I'm reading Larson Introduction to Probability Theory and Statistical Inference where he introduces the $T$-test.
The derivation is rather complicated and it seems to me we could just base our test on $\bar{X}-\bar{Y}$ because under the assumption of the null hypothesis that all $X$ and $Y$ observations have the same mean and same variance, then $\bar{X}-\bar{Y}$ is normal with mean zero and easily calculable variance. So we can easily compute a cutoff of $|\bar{X}-\bar{Y}|$ that would give us the desired Type I error.
Yet Larson proceeds by finding the test via the likelihood ratio test which ultimately leads to the $T$-statistic.
I assume the $T$-statistic approach has better properties. But shouldn't the textbooks outline what those properties are, because otherwise they're just asking us to proceed on faith and that's not how we should do math.

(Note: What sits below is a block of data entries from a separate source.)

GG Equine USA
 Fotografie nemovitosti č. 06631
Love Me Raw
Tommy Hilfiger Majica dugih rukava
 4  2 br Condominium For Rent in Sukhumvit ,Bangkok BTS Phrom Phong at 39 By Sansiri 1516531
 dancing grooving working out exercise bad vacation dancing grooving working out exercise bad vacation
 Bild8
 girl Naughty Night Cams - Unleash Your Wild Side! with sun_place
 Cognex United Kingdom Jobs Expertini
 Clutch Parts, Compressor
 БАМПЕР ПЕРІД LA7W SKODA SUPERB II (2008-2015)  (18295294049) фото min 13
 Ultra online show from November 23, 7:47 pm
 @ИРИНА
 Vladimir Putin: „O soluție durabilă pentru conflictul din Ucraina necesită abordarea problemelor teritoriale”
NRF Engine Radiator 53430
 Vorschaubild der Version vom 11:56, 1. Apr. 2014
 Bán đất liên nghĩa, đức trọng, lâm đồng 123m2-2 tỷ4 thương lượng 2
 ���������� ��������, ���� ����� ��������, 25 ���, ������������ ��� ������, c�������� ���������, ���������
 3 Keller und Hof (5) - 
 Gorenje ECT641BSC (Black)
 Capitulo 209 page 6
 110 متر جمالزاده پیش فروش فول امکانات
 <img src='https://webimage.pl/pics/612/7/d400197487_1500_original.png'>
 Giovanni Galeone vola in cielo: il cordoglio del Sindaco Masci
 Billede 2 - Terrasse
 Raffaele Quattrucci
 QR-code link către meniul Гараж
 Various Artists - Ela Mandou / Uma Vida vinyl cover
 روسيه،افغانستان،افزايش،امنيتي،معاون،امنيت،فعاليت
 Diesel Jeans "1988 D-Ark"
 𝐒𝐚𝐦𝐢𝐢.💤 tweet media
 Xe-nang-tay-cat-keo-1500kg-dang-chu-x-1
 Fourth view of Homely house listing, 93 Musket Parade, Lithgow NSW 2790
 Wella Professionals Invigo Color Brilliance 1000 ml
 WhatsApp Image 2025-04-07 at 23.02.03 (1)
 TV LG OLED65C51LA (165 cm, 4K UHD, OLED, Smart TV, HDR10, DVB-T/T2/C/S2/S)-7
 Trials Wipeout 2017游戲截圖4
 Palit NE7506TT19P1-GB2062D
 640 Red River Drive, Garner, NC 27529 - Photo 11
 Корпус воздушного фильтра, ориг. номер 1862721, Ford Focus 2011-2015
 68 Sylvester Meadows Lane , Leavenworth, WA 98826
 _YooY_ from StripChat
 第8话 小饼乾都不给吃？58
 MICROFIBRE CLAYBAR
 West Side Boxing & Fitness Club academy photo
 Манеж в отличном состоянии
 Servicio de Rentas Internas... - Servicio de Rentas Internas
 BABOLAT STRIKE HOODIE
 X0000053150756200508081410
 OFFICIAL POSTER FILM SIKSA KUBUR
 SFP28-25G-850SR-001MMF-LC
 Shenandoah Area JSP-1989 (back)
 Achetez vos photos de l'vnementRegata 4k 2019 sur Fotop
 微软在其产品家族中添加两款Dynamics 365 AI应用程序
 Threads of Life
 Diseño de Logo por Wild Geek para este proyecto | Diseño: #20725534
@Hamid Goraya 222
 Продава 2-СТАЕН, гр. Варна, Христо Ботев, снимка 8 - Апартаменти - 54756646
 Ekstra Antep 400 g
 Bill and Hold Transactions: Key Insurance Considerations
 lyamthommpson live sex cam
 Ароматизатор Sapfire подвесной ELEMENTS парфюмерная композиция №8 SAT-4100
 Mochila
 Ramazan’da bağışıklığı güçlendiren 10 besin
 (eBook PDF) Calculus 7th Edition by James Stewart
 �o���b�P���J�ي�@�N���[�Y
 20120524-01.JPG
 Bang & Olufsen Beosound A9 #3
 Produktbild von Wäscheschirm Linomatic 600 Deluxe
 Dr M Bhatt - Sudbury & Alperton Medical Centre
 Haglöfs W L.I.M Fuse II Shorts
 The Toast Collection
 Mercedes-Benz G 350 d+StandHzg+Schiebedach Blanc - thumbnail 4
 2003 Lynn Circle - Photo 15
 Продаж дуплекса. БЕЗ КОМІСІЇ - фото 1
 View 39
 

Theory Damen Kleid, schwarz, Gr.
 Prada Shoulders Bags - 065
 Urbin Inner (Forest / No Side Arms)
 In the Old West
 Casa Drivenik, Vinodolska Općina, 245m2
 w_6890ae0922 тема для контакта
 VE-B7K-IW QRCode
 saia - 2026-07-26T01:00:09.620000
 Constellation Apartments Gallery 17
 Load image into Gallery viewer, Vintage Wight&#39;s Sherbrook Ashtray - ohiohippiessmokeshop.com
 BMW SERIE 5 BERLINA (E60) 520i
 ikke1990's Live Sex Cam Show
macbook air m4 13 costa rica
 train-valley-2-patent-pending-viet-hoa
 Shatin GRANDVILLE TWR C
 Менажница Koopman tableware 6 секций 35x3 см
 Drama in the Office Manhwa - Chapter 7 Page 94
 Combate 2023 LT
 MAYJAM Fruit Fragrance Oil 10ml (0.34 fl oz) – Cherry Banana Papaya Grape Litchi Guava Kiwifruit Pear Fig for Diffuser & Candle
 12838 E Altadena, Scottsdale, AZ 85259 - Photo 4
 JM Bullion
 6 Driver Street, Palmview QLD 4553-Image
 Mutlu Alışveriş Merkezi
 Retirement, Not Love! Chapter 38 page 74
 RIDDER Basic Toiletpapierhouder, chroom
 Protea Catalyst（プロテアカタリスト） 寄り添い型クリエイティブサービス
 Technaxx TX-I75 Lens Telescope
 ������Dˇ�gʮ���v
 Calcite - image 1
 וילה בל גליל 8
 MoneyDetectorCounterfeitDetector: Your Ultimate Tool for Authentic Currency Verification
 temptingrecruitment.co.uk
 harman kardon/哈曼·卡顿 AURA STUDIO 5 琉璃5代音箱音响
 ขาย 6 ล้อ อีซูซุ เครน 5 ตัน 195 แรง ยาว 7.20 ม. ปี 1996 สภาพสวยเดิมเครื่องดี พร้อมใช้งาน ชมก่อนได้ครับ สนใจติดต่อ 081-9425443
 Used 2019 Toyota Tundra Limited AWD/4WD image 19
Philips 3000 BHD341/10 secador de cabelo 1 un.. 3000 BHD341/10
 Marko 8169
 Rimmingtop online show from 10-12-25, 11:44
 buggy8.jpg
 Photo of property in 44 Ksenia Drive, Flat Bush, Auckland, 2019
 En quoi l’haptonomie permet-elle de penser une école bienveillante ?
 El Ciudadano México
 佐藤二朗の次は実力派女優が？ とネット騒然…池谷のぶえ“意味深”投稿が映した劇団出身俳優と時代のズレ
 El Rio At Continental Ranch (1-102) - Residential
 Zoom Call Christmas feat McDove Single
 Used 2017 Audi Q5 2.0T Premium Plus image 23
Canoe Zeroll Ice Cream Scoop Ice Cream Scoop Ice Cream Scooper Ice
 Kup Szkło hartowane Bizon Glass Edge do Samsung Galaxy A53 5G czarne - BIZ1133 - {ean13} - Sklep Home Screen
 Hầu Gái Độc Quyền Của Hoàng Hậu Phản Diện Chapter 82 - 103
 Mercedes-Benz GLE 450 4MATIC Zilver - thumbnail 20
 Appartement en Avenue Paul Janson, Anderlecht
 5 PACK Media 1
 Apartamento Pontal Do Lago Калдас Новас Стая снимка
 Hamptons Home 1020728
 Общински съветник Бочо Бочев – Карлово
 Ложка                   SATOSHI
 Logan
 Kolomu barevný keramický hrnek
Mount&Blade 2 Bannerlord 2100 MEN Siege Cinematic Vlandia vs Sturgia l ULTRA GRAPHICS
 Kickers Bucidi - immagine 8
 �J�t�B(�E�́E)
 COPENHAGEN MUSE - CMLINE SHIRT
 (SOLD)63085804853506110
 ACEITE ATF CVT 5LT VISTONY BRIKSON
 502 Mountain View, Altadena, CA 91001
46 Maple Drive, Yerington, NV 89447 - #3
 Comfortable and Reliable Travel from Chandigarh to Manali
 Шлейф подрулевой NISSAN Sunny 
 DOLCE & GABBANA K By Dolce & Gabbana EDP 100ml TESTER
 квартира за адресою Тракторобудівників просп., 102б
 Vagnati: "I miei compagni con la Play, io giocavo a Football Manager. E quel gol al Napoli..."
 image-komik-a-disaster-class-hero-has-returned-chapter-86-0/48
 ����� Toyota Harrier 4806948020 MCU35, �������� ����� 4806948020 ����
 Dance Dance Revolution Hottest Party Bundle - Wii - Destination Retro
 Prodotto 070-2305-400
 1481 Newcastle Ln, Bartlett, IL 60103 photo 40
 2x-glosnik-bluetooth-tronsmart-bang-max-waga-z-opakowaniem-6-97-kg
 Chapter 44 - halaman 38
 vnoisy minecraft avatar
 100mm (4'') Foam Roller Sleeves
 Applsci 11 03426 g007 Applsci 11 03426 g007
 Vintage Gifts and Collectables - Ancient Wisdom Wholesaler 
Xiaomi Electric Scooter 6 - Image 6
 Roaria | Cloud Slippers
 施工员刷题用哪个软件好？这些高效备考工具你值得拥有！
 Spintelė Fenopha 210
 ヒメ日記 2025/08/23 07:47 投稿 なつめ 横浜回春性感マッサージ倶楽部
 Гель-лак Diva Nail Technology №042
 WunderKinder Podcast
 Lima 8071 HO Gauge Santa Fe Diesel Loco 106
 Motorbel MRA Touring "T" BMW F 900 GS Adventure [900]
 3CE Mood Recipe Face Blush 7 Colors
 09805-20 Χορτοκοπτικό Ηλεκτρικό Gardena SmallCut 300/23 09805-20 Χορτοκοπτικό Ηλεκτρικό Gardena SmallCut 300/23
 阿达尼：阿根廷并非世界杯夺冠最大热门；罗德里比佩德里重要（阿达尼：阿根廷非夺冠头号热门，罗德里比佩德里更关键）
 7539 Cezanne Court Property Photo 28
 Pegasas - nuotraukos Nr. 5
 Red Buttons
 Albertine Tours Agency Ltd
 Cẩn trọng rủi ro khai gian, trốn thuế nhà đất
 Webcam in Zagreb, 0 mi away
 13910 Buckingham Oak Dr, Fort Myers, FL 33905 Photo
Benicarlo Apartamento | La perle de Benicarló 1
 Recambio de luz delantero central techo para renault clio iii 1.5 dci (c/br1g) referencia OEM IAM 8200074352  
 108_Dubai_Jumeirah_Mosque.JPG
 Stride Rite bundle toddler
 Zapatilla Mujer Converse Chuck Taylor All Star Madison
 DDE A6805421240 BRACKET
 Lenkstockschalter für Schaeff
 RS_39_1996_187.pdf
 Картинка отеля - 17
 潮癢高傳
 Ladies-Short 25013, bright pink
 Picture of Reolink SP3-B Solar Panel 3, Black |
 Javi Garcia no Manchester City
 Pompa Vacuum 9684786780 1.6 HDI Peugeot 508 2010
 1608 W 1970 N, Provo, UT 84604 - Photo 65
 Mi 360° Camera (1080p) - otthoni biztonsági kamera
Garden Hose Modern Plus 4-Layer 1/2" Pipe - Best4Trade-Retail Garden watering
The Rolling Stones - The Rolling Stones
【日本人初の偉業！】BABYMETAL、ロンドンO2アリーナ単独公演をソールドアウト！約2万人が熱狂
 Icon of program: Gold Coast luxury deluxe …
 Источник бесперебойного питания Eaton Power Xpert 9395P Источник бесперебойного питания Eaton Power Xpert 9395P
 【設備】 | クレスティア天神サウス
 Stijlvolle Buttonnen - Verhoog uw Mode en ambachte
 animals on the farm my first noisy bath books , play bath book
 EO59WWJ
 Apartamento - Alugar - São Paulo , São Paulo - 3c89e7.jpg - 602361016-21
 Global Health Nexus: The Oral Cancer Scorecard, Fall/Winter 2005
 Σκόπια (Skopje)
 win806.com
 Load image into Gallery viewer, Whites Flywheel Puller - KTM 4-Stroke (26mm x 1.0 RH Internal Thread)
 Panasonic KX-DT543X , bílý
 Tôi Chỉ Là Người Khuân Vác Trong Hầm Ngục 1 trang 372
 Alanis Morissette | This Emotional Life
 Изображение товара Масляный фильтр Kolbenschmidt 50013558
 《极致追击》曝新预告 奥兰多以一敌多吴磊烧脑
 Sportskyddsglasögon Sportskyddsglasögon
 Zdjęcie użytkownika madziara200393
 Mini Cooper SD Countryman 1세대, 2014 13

So if anybody can give me some insight into what the advantages are of using $T$ versus just using $\bar{X}-\bar{Y}$ and how we determine that, I would be greatly appreciative.
Thank you!
When you have to estimate $\sigma$ based on the sample data, there is some error in the estimate.
When you make predictions on the distubtion of $X$ if you assume normality with an accurate measurement of $\sigma$ you will predict results in too narrow of a band.
The t-distribution accounts for this mis-estimation in $\sigma$ and predicts a fatter tailed distribution.